Apesar de a avaliação ser um processo tradicional em qualquer instituição educacional,


o que é relativamente novo é a realização de avaliações externas. Nesse caso as fases do
processo são as mesmas, a diferença fundamental está no fato de que os instrumentos de
medida, a coleta e análise dos dados são realizados por uma equipe externa à instituição
educacional. Esses instrumentos são estandardizados de forma a permitir a
comparabilidade de resultados. As ações planejadas com base nesses resultados e com o
objetivo de aprimorar os processos educacionais podem ser tomadas tanto pela equipe
educacional quanto podem ensejar o desenvolvimento de novas políticas pelos níveis
decisores externos. Como na maior parte das vezes o processo daquilo que é chamado
de avaliação externa se encerra com a divulgação dos resultados dos testes aplicados, e
não se realizam ou negociam as ações capazes de modificar ou aprimorar os resultados
das medidas efetuadas, utilizaremos o termo teste avaliativo para indicar essas
avaliações externas que se interrompem sem que as outras fases se realizem. Caso todas
as três fases se realizem, utilizar-se-á o termo avaliação externa.
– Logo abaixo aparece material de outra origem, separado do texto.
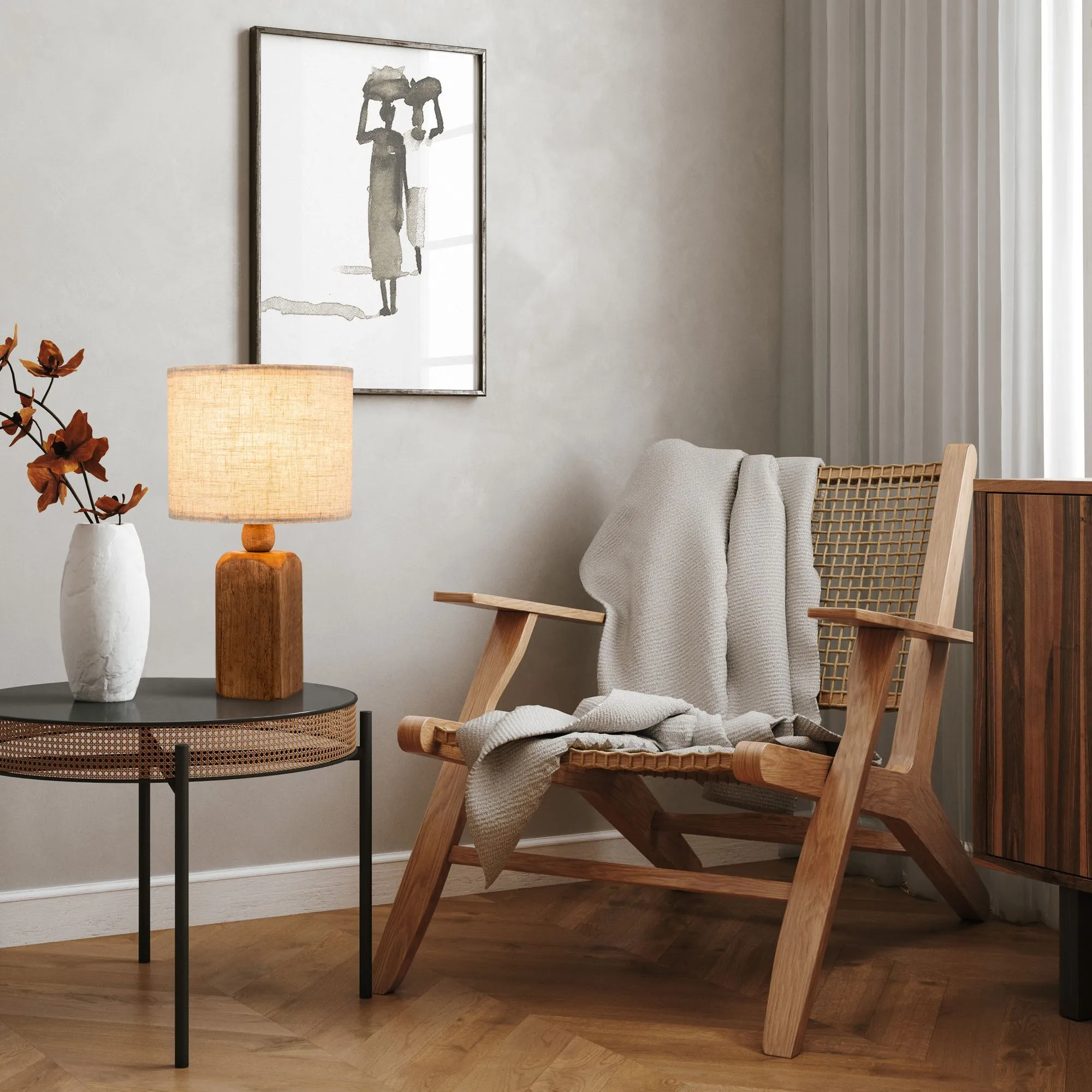 картинка Настольный светильник Freya FR5326TL-01W1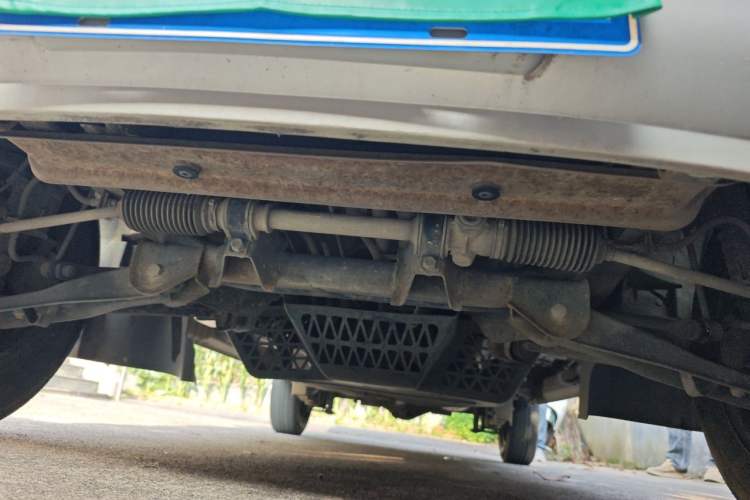 Used Wuling Rongguang 2011 1.2L Base Version Chassis Front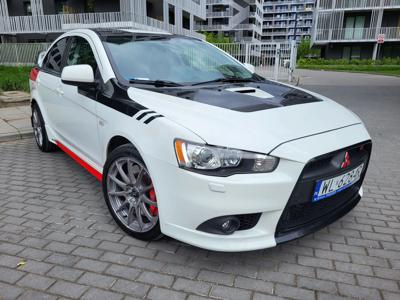 Używane Mitsubishi Lancer - 69 900 PLN, 67 107 km, 2009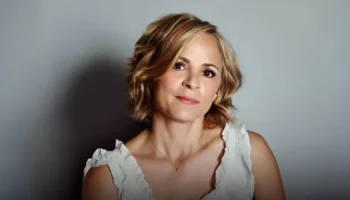 Amy Sedaris, who will star in Protective Custody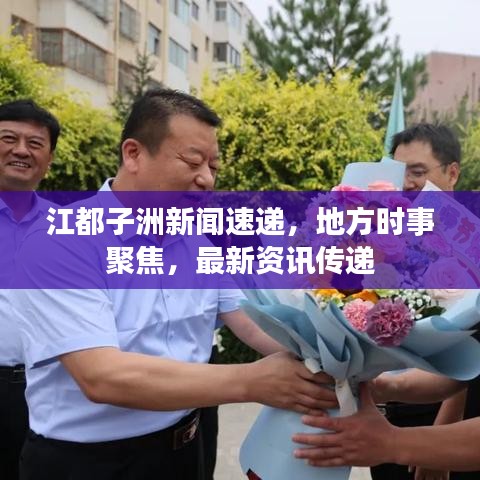 江都子洲新闻速递，地方时事聚焦，最新资讯传递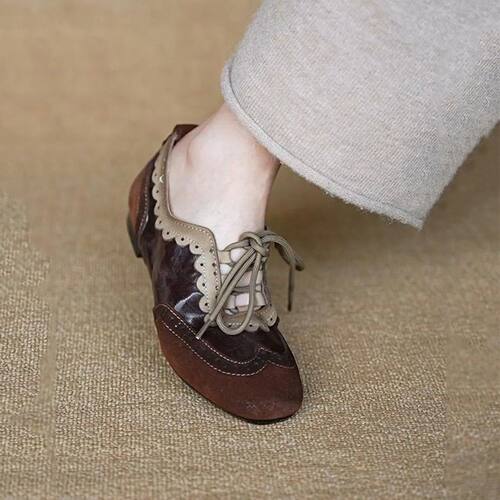 2026新款休闲德训鞋女春季单鞋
O amadurecimento dos testes avaliativos passaram por diversas fases até ganharem o
destaque que possuem nas políticas educacionais atualmente utilizadas em diversos
países. Elaboramos uma periodização em três fases que, como todo processo de
classificação, poderá ser questionada e aprimorada: a era da preocupação social, a era
da qualidade e a era do accountability. Nessa última fase tem destaque o papel do
Estado na avaliação, tema que será aprofundado nesse texto.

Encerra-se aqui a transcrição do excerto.